INFORMATION PROVIDED:
[Start of Attachment]
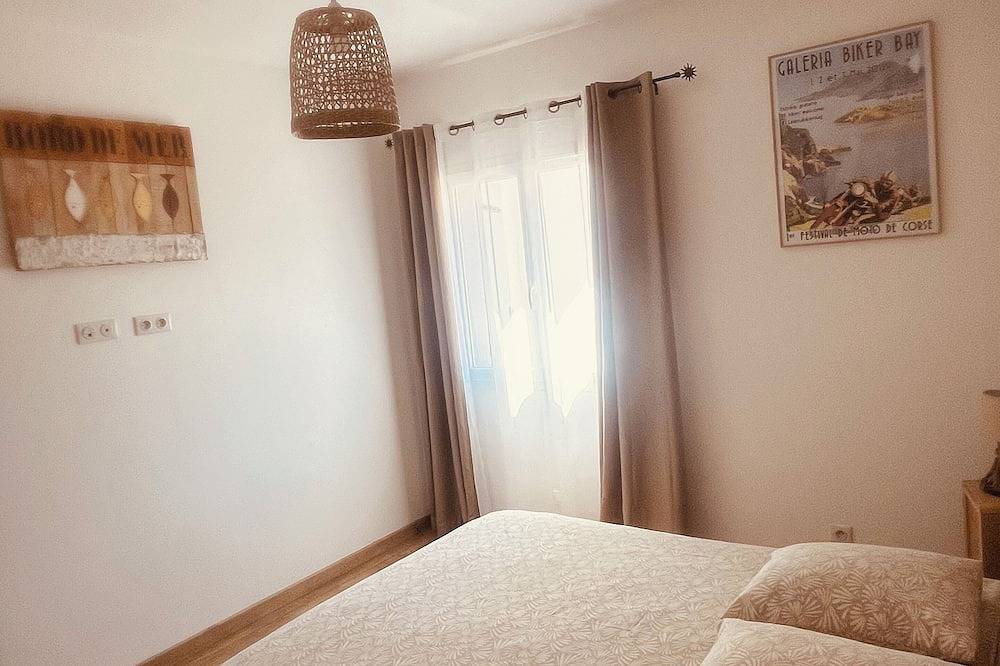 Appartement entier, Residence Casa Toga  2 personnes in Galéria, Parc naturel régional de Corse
[End of Attachment]
[Start of Attachment]
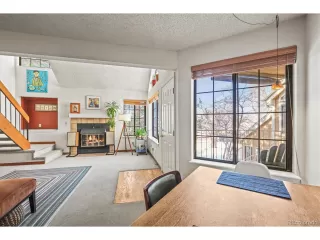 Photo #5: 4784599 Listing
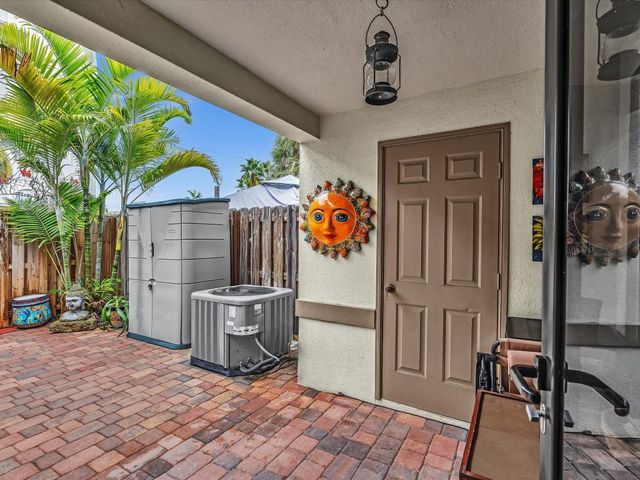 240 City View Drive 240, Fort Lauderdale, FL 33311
[End of Attachment]
EXERCISE REQUIREMENTS: Using the data above, output the line that has "Photo #5: 4784599 Listing", the line that has "240 City View", and whatever lines fall between, each exactly as it stands and without pictures.

ANSWER BELOW:
 Photo #5: 4784599 Listing
 240 City View Drive 240, Fort Lauderdale, FL 33311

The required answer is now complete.